*** Data below ***

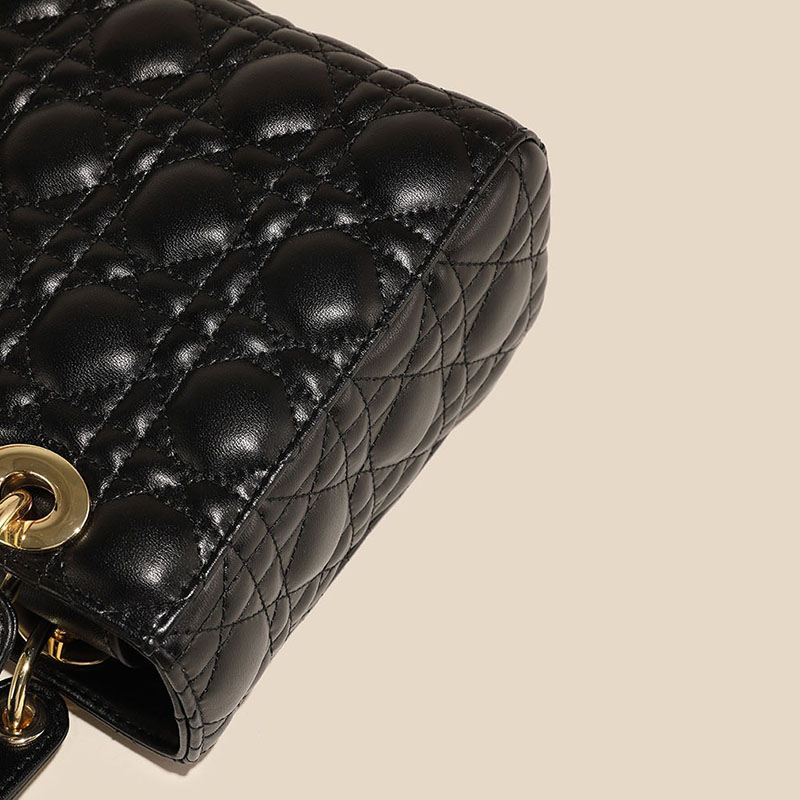 Kleine gesteppte minimalistische Damenhandtasche mit goldener Hardware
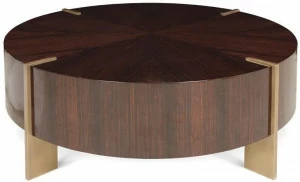 JOSÉ LEITE DE CASTRO Низкий круглый журнальный столик из черного дерева  13011375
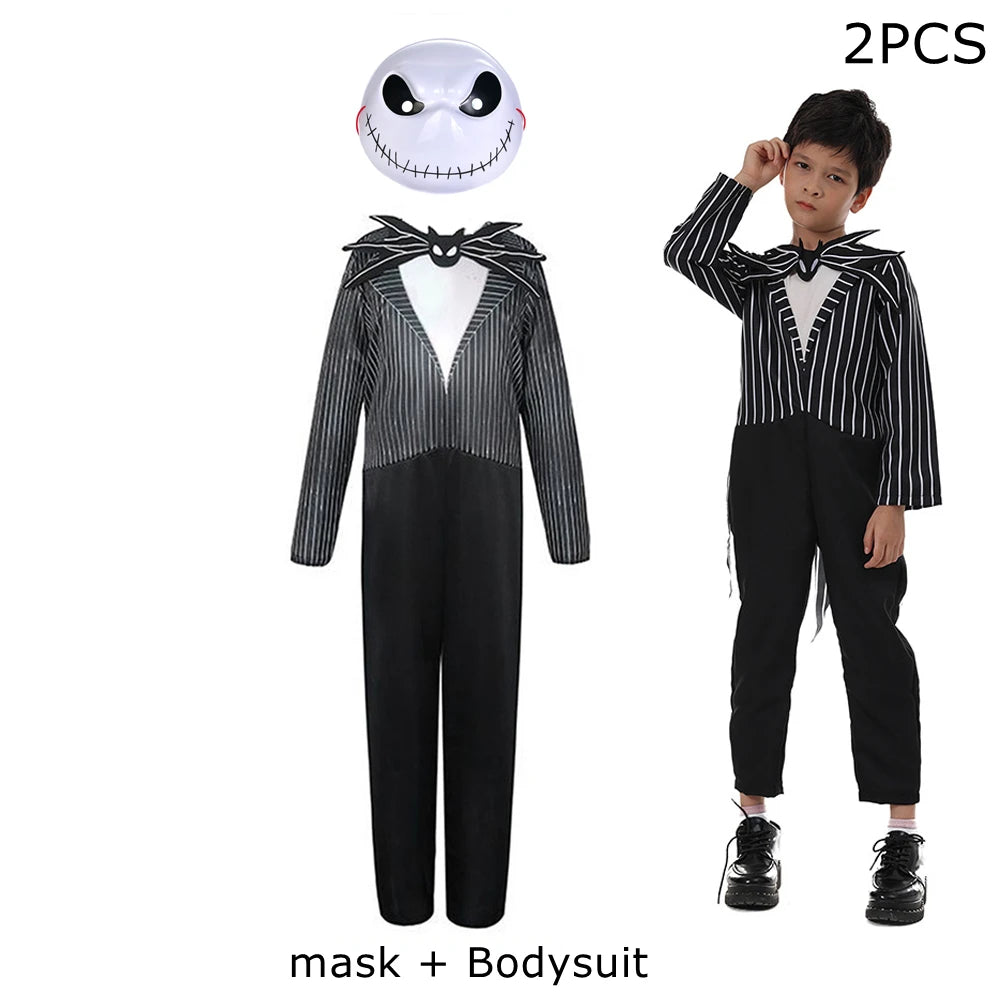 Jack Costume Boys Christmas Eve Nightmare Before Scary Skeleton Jack Cosplay Striped Halloween Cosplay Costume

*** End of Data below ***

### Exercise directions
Give back exactly the lines from the line with "JOSÉ LEITE DE" through the end of the material above, and omit every picture.

### Response box
 JOSÉ LEITE DE CASTRO Низкий круглый журнальный столик из черного дерева  13011375
 Jack Costume Boys Christmas Eve Nightmare Before Scary Skeleton Jack Cosplay Striped Halloween Cosplay Costume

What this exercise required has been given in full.